II. – La perte de recettes résultant pour l’État du I est compensée, à due concurrence, par la création d’une taxe additionnelle à l’accise sur les tabacs prévue au chapitre IV du titre Ier du livre III du code des impositions sur les biens et services.
La parole est à Mme Colombe Brossel.
Mme Colombe Brossel. Je vais enfoncer le clou. La question qui se pose est la suivante : la pension alimentaire est-elle un revenu ? La réponse est non : la pension alimentaire vise à contribuer à l’éducation et à l’entretien des enfants. Dès lors, la situation actuelle est profondément injuste.
Au cours de sa mission d’information sur les familles monoparentales, la délégation aux droits des femmes a auditionné de nombreuses personnes. Toutes nous ont fait part de leur sentiment, que nous avons relayé dans notre rapport : il est profondément injuste que la pension alimentaire puisse être déduite du revenu imposable du parent non gardien et qu’elle vienne augmenter celui du parent gardien.

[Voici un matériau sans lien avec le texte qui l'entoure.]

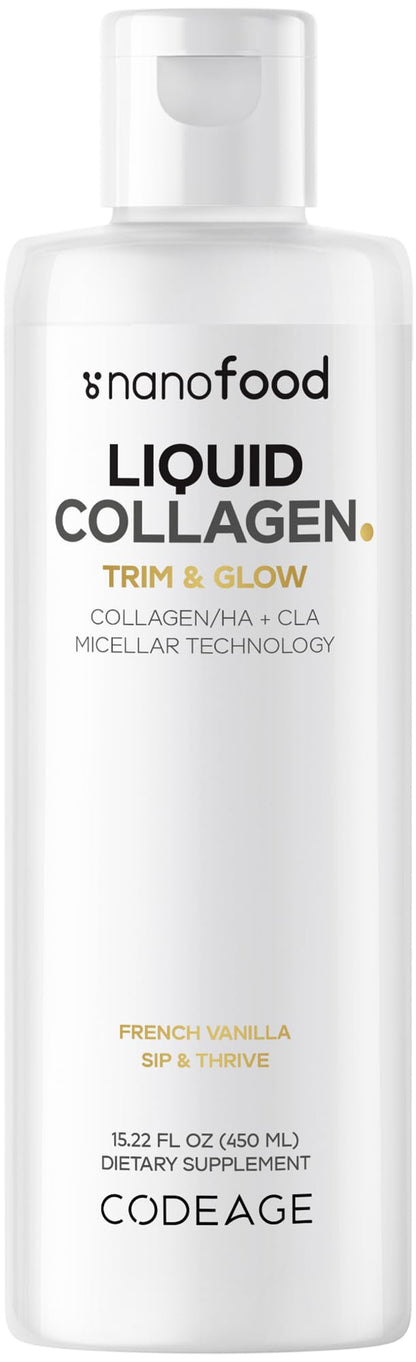 Codeage Liquid Collagen Supplement Vanilla Flavor, Beauty Trim & Glow Liposomal Collagen Peptides, CLA Conjugated Linoleic Acid, Hyaluronic Acid, Vitamin E, Hydrolyzed, Non-GMO, 15.22 fl oz - dailyvitalstore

En effet, de qui parle-t-on ici ? Dans 83 % des cas, de mères solo. Or, en tant que telles, elles cumulent déjà certaines inégalités – professionnelles, sociales et de genre – qui les conduisent sur le chemin de la précarisation. Il faut donc absolument combattre cette injustice.
Surtout, il ne s’agit pas que d’une seule injustice, car cette mesure aura un effet démultiplicateur.

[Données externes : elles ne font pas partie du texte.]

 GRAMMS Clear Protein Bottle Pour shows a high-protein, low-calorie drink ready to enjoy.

D’une part, quand le parent non gardien – le père, dans 83 % des cas – est, pour quelque raison que ce soit, défaillant et ne peut verser de pension alimentaire, c’est la solidarité nationale, via l’allocation de soutien familial (ASF), qui prend le relais. Or, contrairement à la pension alimentaire que touchent les femmes, qui se sont battues pour percevoir ce à quoi elles ont droit, l’ASF ne s’ajoute pas au revenu imposable de la bénéficiaire.
D’autre part, parce qu’elle est prise en compte dans le revenu imposable, la pension alimentaire affecte le calcul d’un certain nombre de prestations sociales. Le voilà l’effet démultiplicateur !

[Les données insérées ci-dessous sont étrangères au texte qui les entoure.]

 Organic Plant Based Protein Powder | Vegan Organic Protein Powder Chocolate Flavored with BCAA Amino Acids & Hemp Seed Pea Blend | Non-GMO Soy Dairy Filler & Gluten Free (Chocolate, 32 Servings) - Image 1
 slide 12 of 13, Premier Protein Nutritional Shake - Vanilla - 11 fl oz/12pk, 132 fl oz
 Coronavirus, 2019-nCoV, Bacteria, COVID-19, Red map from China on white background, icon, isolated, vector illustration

J’ajoute que nous avons mis en place, dans un certain nombre de collectivités, des tarifications fondées sur le revenu pour la cantine, les centres de loisirs, etc. Mais quand les mères perçoivent enfin ce à quoi elles ont droit, quand elles ont assez de sous pour remplir leur frigo,…
Mme la présidente. Veuillez conclure, madame Brossel.
Mme Colombe Brossel. … elles doivent payer plus cher un certain nombre de prestations et perdent en outre le bénéfice de certaines aides sociales.
Mme la présidente. Quel est l’avis de la commission ?
M. Jean-François Husson, rapporteur général de la commission des finances. En premier lieu, ces amendements ne me semblent pas toucher leur cible. J’ai précédemment évoqué le niveau de revenu des ménages. Les foyers fiscaux les plus modestes ne sont pas redevables de l’impôt sur le revenu. En 2022, seuls 20 % des ménages qui percevaient une pension alimentaire étaient redevables de cet impôt.
En deuxième lieu, les parents isolés bénéficient d’aides ou d’avantages fiscaux, comme le quotient familial et la demi-part fiscale supplémentaire.
En troisième lieu, la fiscalisation des pensions alimentaires entraînerait pour leurs débiteurs un surcroît d’impôt significatif, ce qui aurait pour conséquence d’amoindrir les capacités contributives que le juge prend en compte pour déterminer le niveau de la pension alimentaire, d’où des pensions moins élevées. Je ne pense pas que ce soit votre objectif.
J’ajoute, pour ce qui concerne l’amendement n° I-2625, que l’attribution au parent débiteur d’un quart de part fiscale supplémentaire pour compenser la fiscalisation des sommes versées est contradictoire et coûteuse.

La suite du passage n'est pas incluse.